The Green Mountain Boys hatched their plans for liberty and freedom over tankards at the Catamount Tavern in Bennington. And the Continental Army gave a ration of spruce beer to all its soldiers on a daily basis.
Food and drink writer Corin Hirsch was shocked to discover how much drinking was going on in those early days and wrote about it in her new book, Forgotten Drinks of Colonial New England.
Hirsch spoke with Vermont Edition about those drinks and passed along a couple of recipes to try.
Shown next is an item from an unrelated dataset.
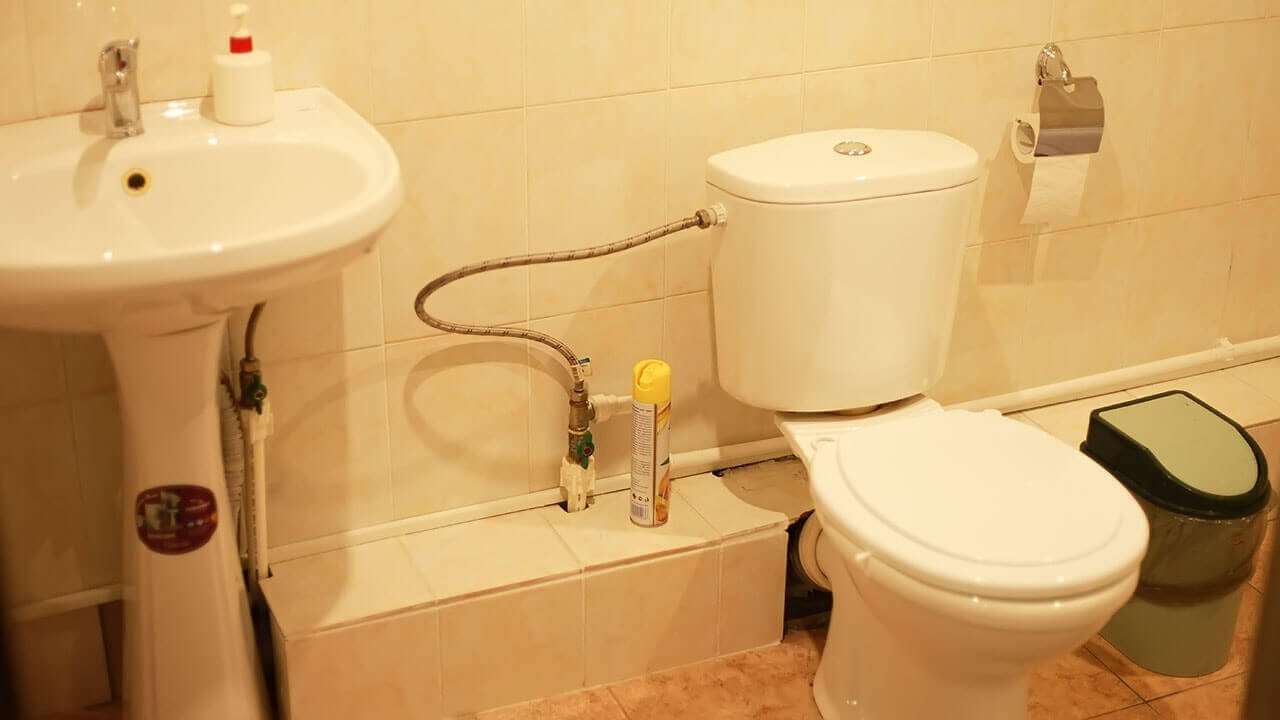 Фото Наутилус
Modern: Josiah Bartlett’s Hot Toddy
Josiah Bartlett is a New Hampshire–made apple brandy that ages for four years in oak barrels. Like the colonial-era statesman and physician for whom it’s named, it’s elegant and restrained, with layers of apple, pear, vanilla, toasted caramel and hints of cardamom. It’s also smooth as silk in a hot toddy with an orange slice (instead of the traditional lemon) and the slightest drip of honey.
3 ounces hot water
½ teaspoon honey
2 ounces apple brandy
orange wedge, and slice for garnish
In a glass mug, pour water over a spoonful of honey and stir to dissolve. Add brandy, squeeze in the juices from the orange wedge and then garnish with orange slice. Add cloves if desired. Sip slowly, savoring the flavors.
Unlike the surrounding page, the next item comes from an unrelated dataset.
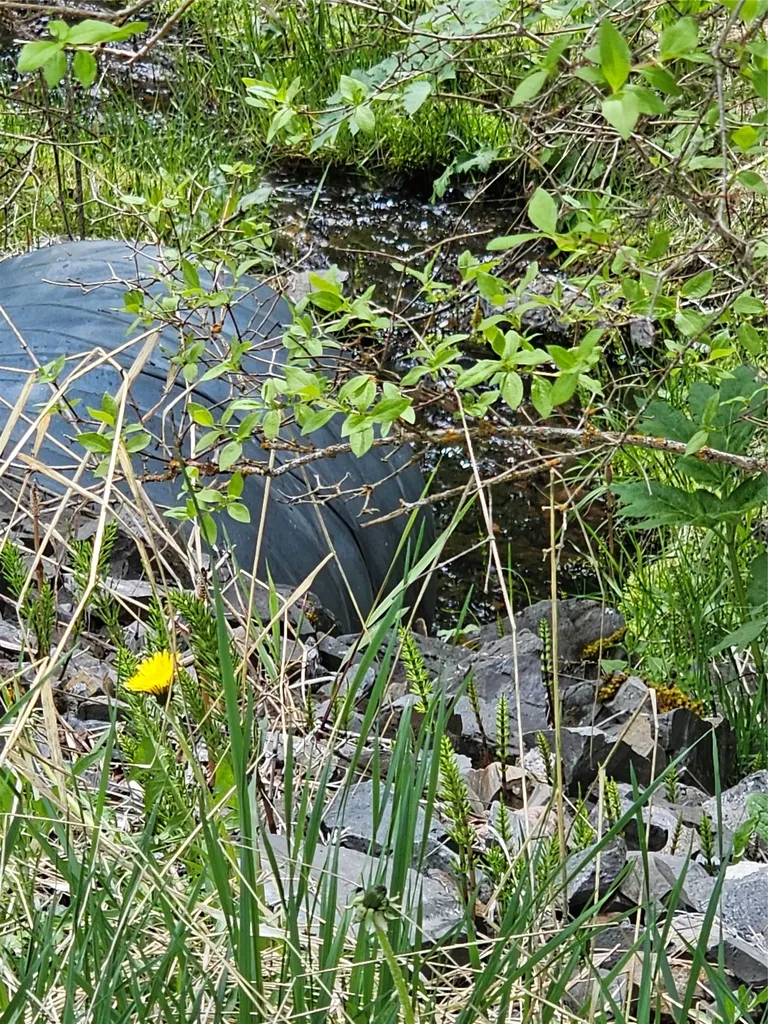 18866 Copper Ridge Trail Florence MT 59833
Traditional/Modern: Basic Ale Flip
Although flips were traditionally made by using a red-hot fire poker, it’s eminently more practical (in a modern kitchen, at least) to heat the beer ahead of time. You can still hew to tradition, though, by using two separate pitchers (or mugs) to blend the drink. It really does yield a silky-smooth blend.
8 ounces beer, preferably brown ale or stout
2 pint glasses
2 teaspoons sugar or 1 teaspoon molasses
1½ ounces rum
1 egg, beaten
scrape of nutmeg
Warm the beer in a saucepan over low heat until it just begins to froth and then add to a pint glass with sugar and rum. In the other pint glass, add the beaten egg. Pour the egg into the beer, then pour the entire thing back into the first pint glass and continue to combine until smooth. Top with grated nutmeg.